Si tratta di Antonino Barbagallo e di Samuele Cannavò accusati di aver eliminato “Saddam” il 20 gennaio 2018 a Ramacca
Due persone, entrambe paternesi, sono state arrestate dai Carabinieri del Nucleo Investigativo del Comando Provinciale di Catania, su delega della Procura distrettuale, in esecuzione di un’ordinanza di custodia cautelare in carcere, emessa dal Gip del Tribunale di Catania, su richiesta della Direzione Distrettuale Antimafia, per l’omicidio del 33enne Emanuele Pasquale Di Cavolo (detto “Saddam”), anch’egli paternese, rinvenuto cadavere il 20 gennaio 2018 a Ramacca (rileggi l’articolo sull’omicidio).
Si tratta di Antonino Barbagallo (43 anni) e di Samuele Cannavò (di 22), ritenuti gli autori dell’esecuzione, accusati di concorso in omicidio, porto e detenzione illegale di arma comune da sparo, con l’aggravante di aver agito con premeditazione e con crudeltà e di aver commesso il fatto per agevolare e rafforzare l’associazione mafiosa di appartenenza denominata clan “Laudani” intesi “Mussi i ficurinia”, gruppo Rapisarda operativo a Paternò, facente capo a Salvatore Rapisarda, attualmente detenuto al regime del 41 bis O.P.
GLI ARRESTATI
Le indagini, affidate al Nucleo investigativo del Comando Provinciale dei Carabinieri di Catania, hanno trovato riscontro anche nell’inchiesta antimafia “En Plein 2” (all’art.416 bis c.p.) nei confronti del gruppo mafioso Laudani stanziato nel territorio di Paternò (rileggi l’articolo su “En Plein 2). Nel corso di questa indagine sono emersi assidui rapporti di frequentazione tra la vittima ed alcuni esponenti del clan, tra i quali Barbagallo e Cannavò.

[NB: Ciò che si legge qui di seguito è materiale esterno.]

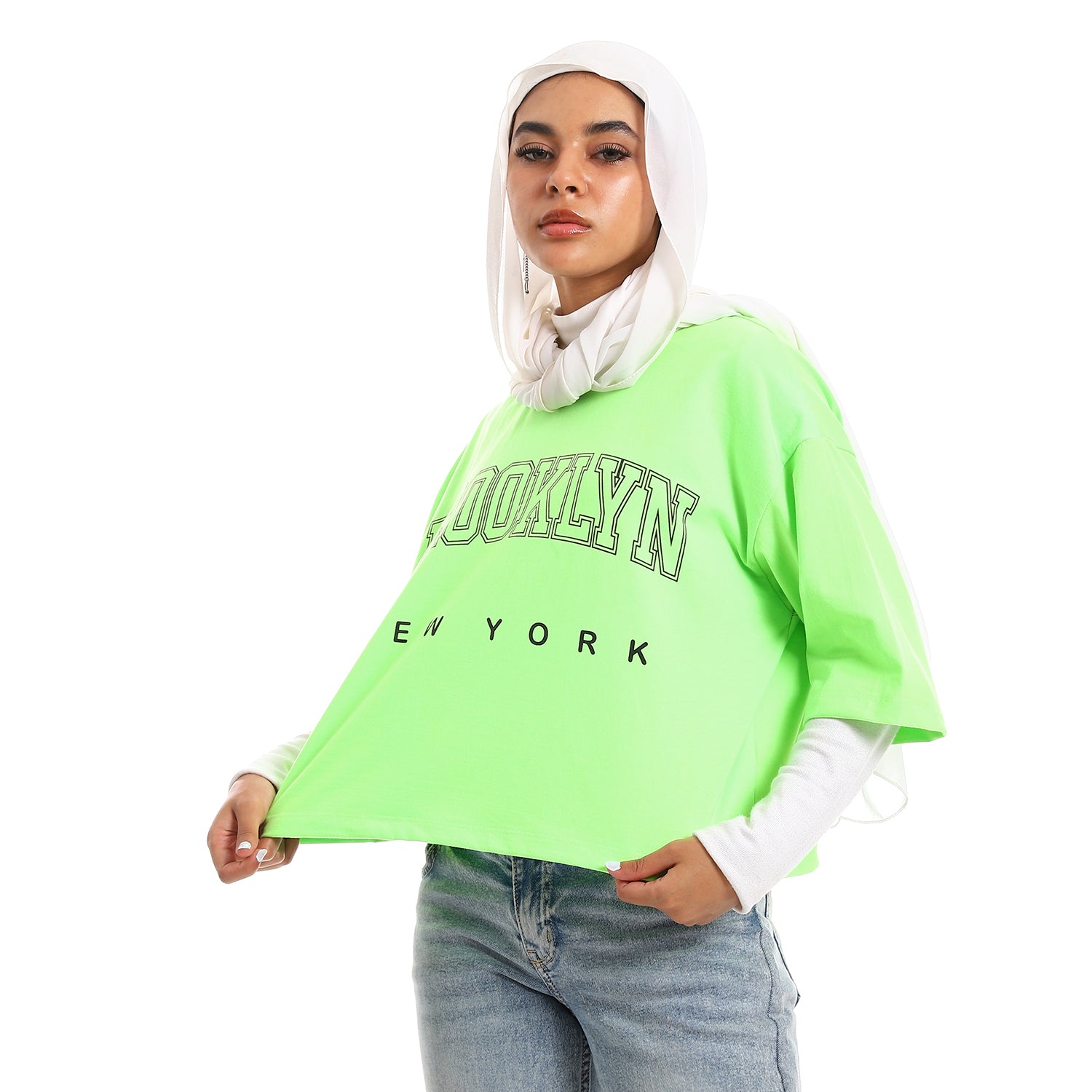 L,Green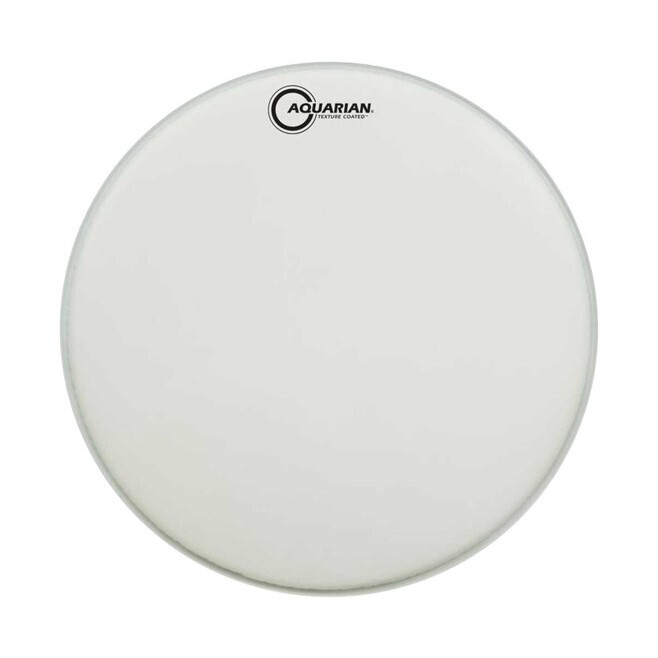 Parche Aquiarian 8"  Coated Single Ply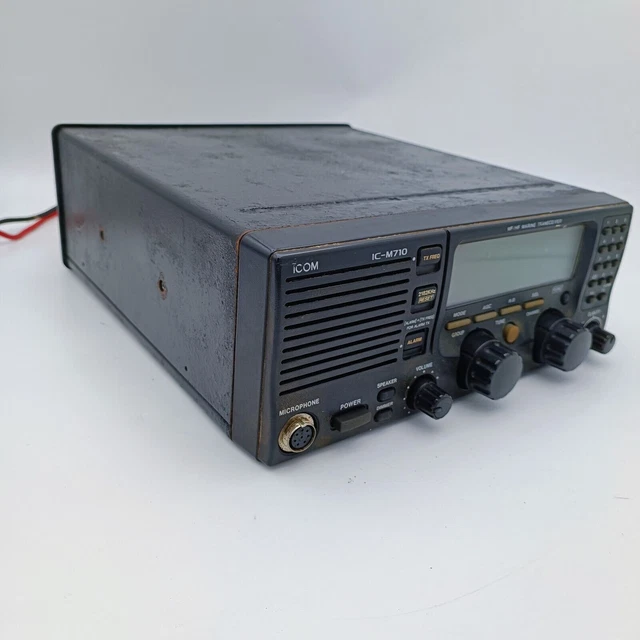 Icom ic-7100 HF/VHF/UHF émetteur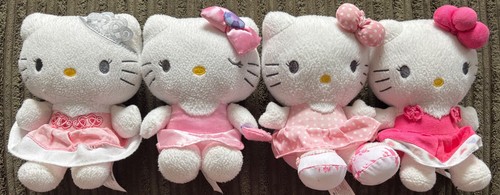 Sanrio hello kitty - hello, kuscheltier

Ricostruiti gli ultimi giorni di vita di Di Cavolo e i rapporti con gli altri affiliati, i quali, in tempi immediatamente precedenti l’omicidio, avevano manifestato malumori per la sua condotta, che li aveva indotti a ritenerlo soggetto inaffidabile, per l’abitudine a parlare troppo e di mettere in giro voci denigratorie nei confronti degli altri affiliati. Da qui la decisione di eliminare il 33enne, portandolo in località distante da Paternò e dall’area di operatività della cosca Rapisarda.
Antonino Barbagallo e Samuele Cannavò sono chiamati a rispondere dell’omicidio, con le aggravanti della premeditazione, di aver agito con crudeltà verso le persone, avendo colpito la vittima con ripetuti colpi di pietra, al punto da renderne irriconoscibili i tratti somatici, nonché di aver commesso il fatto con metodo mafioso per agevolare e rafforzare l’associazione mafiosa dei “Mussi ‘i ficurinia” operante a Paternò.
L’attività investigativa ha consentito di accertare, inoltre, grazie alle indagini balistiche delegate ai Carabinieri del Reparto Investigazioni Scientifiche di Messina, che la pistola utilizzata per l’omicidio era già stata utilizzata in occasione di una tentata rapina consumata il 30 dicembre 2017 ai danni dei titolari di un distributore di carburante di Paternò, fatto per il quale il Cannavò è sottoposto a processo.
Accertata la perfetta corrispondenza tra l’ogiva rinvenuta in sede di autopsia sul cadavere della vittima, i due proiettili rinvenuti sulla scena dell’omicidio, e l’ogiva rinvenuta sul luogo della tentata rapina, a riprova del fatto che il materiale balistico era stato esploso da un’unica arma. Altri accertamenti tecnico scientifici compiuti sui campioni ematici rinvenuti sulla scena del delitto, hanno consentito di attribuire una delle tracce a Barbagallo. Il provvedimento restrittivo è stato notificato ad entrambi gli indagati in carcere in quanto detenuti dal 19 giugno 2018 perché colpiti dall’ordinanza di custodia cautelare emessa dal Gip nell’ambito di “En Plein 2”.
L’operazione antimafia ha permesso la cattura di 19 appartenenti alla componente del clan Laudani operante nel territorio di Paternò, tutti chiamati a rispondere dei delitti di associazione di tipo mafioso, traffico di stupefacenti, tentata rapina, porto abusivo e detenzione illegale di armi. L’operazione si inquadra in un’ampia strategia di contrasto della Procura Distrettuale della Repubblica di Catania e dei Carabinieri del Comando Provinciale che ha consentito, negli ultimi anni, grazie alla esecuzione di diversi provvedimenti restrittivi, di disarticolare il gruppo “Laudani” di Paternò.